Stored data
........

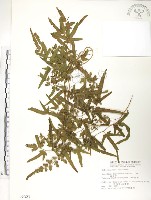 海金沙藏品圖，第1張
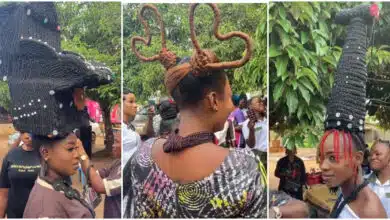 "It took me 5 days to make" - Hairstylists hold general meeting, flaunt collection of mind-blowing hairstyles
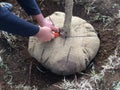 New Tree Planting: Cutting Cords from Burlap around Root Ball Royalty Free Stock Photo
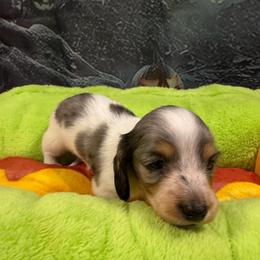 Andes - Dapple male Dachshund puppy in Irving, Texas from DFW Dachshunds by G & S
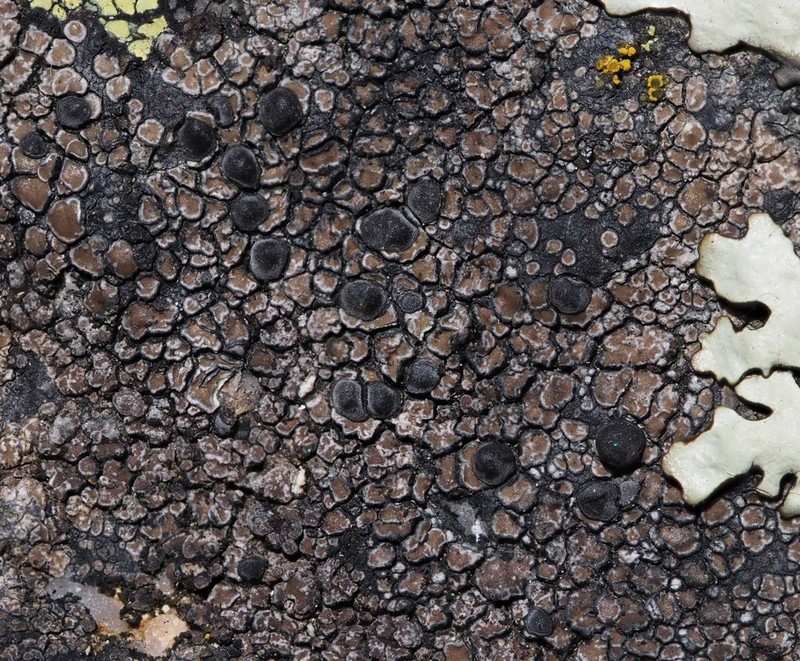 Lecidea Lichen photo 6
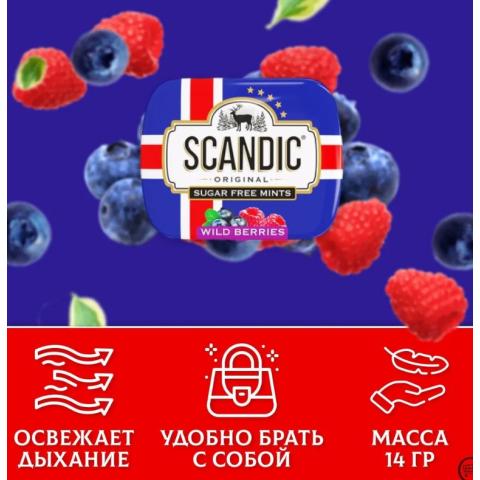 Конфеты драже без сахара Лесные ягоды, 14гр, SCANDIC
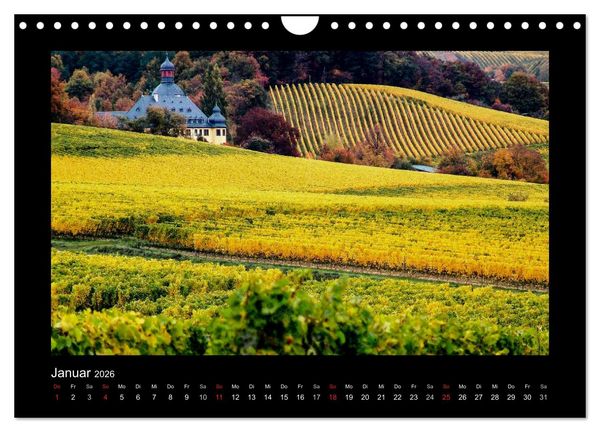 Produktbild: Wein - Reben, Wingerte und historische Weinkeller (Wandkalender 2026 DIN A4 quer), CALVENDO Monatskalender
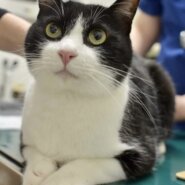 ハンデがあってもベルファイヤー（糸島市）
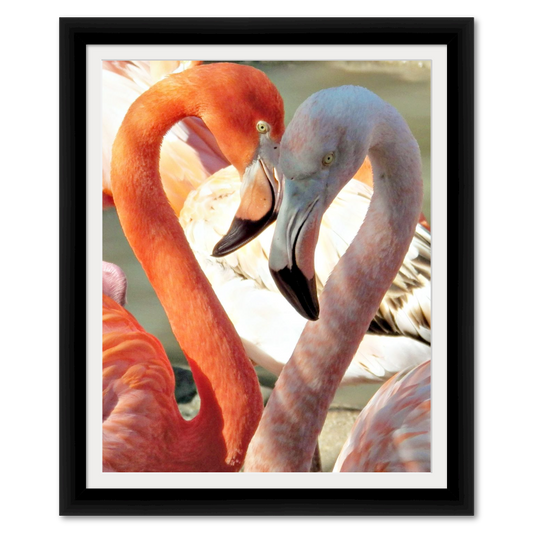 Flamingo Hug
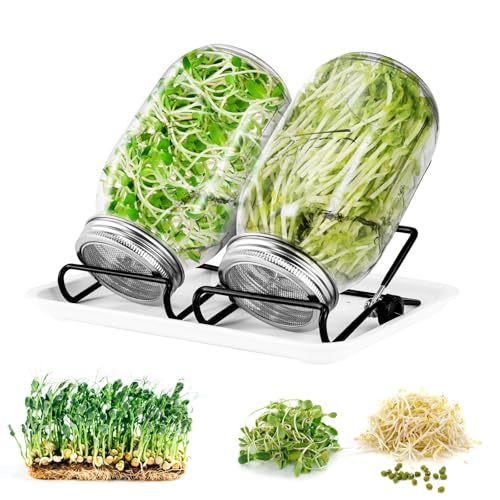 Sprossen Keimglas 2er Set x 1000ml,keimgläser für Sprossenglas Sprouting jar mit Deckeln und Wasserschale,Filtergitterabdeckungen aus Edelstahl 304 und 2 Ständer,für Alfalfa Brokkoli Mungobohnen Sprossen Keimglas 2er Set x 1000ml,keimgläser für Sprossenglas Sprouting jar mit Deckeln und Wasserschale,Filtergitterabdeckungen aus Edelstahl 304 und 2 Ständer,für Alfalfa Brokkoli Mungobohnen von BOULEAWEL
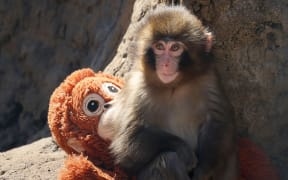 This photo taken on February 19, 2026 shows a seven month-old male macaque monkey named Punch, who was abandoned by his mother shortly after birth, sitting with a stuffed orangutan toy at Ichikawa City Zoo and Botanical Gardens in Chiba Prefecture. (Photo by JIJI PRESS / AFP) / Japan OUT / JAPAN OUT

........

Each line above that falls between the line with "of mind-blowing hairstyles" and the line with "Flamingo Hug" should be printed exactly, together with those two lines, but the pictures should not.

 "It took me 5 days to make" - Hairstylists hold general meeting, flaunt collection of mind-blowing hairstyles
 New Tree Planting: Cutting Cords from Burlap around Root Ball Royalty Free Stock Photo
 Andes - Dapple male Dachshund puppy in Irving, Texas from DFW Dachshunds by G & S
 Lecidea Lichen photo 6
 Конфеты драже без сахара Лесные ягоды, 14гр, SCANDIC
 Produktbild: Wein - Reben, Wingerte und historische Weinkeller (Wandkalender 2026 DIN A4 quer), CALVENDO Monatskalender
 ハンデがあってもベルファイヤー（糸島市）
 Flamingo Hug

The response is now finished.